Even previously insignificant things, like the synopsis of a movie on Netflix, have newfound significance for me because I can imagine all the writers behind the scenes. PWR also has helped me stretch my writing skills to other areas that I had not practiced before. Since joining this program only last semester, a whole new world has opened up in which I can write about things I am passionate about while exploring new technology I never would have been brave enough to learn on my own.
I never thought I would be learning these things as a writer, but PWR has introduced all of this technology to me and allowed me to gain technical skills that are highly sought after in the job market. The skills I have gained will allow me access to so many different fields from publishing to technical or content writing, and I now feel much more prepared for my career post-graduation.
How about you, Kaelyn? What made the program the clear choice for you?
Hardin: I chose PWR as my major when I told my advisor I was more interested in rhetorical analysis rather than literary analysis and that I wanted to work as an editor after graduation. He introduced PWR as an alternate English major that focused on the writing aspects of English more than the traditional literary aspects, and I have never looked back.
The very first class I took for this major completely changed how I saw and understood writing.
I went from thinking about writing as something that just happens, and you are either good at it or not, to understanding writing as a process and a way of thinking.
I learned about rhetorical situations and was able to put names to the concepts that I loved to study. Learning about the foundations of rhetoric and analyzing rhetorical situations and ways of arguing has made me develop and sharpen my critical thinking skills, as well as made me a better communicator.

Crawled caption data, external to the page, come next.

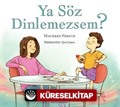 Ya Söz Dinlemezsem ?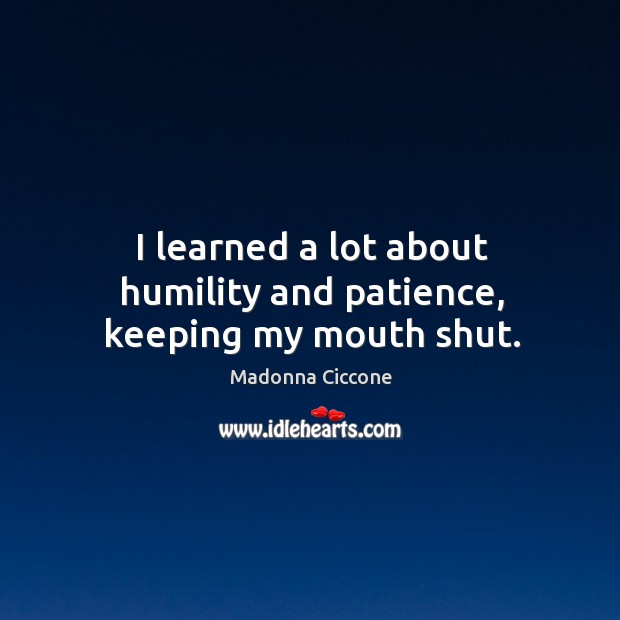 I learned a lot about humility and patience, keeping my mouth shut. Madonna Ciccone Picture Quote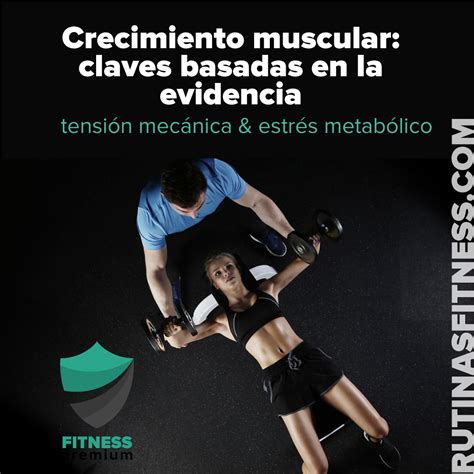 Crecimiento Muscular Claves Científicas Para Maximizarlo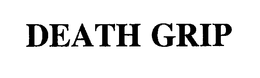 DEATH GRIP trademark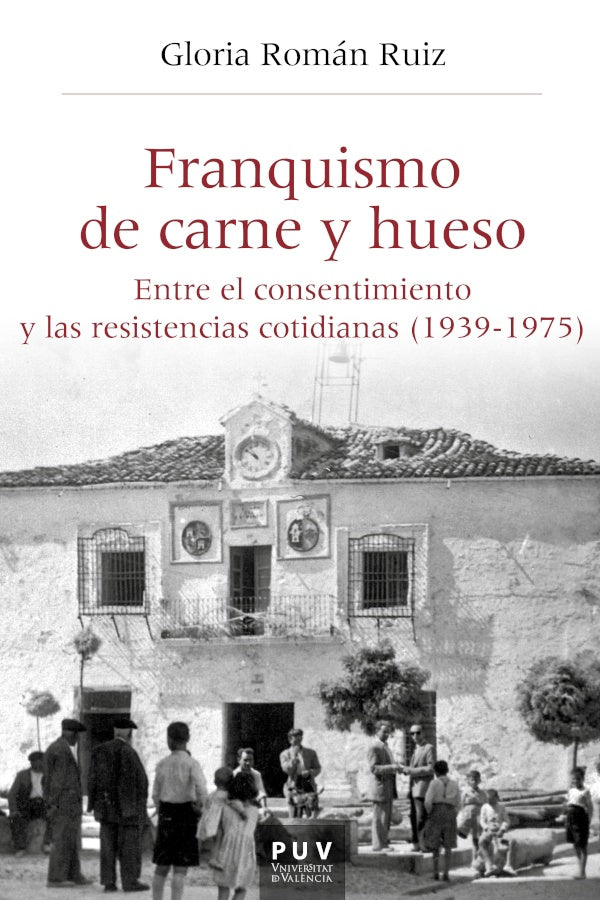 Franquismo de carne y hueso | Gloria  Román Ruiz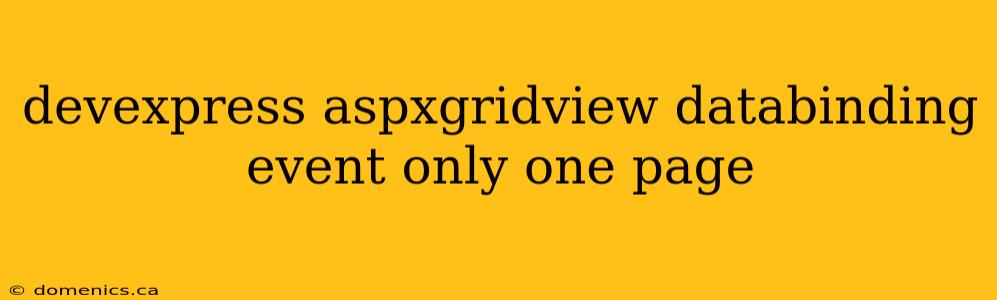 devexpress aspxgridview databinding event only one page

Classes for this major have opened my mind to types of writing outside the typical college essay. In understanding the foundations and history of Standard Academic English as well as its effect on writers, I have been able to think critically about everyone’s individual writing and have realized that different rhetorical situations force people to write in certain ways that are not always friendly to their own writing, thinking, culture, and otherwise identity.
Not only has all of this knowledge made me a better writer, I genuinely believe it’s made me a better person because I’m able to help people with their writing with understanding and without judgment. And that in turn has not only already helped me be a better Writing Center tutor, but it will greatly benefit me as an editor later in life.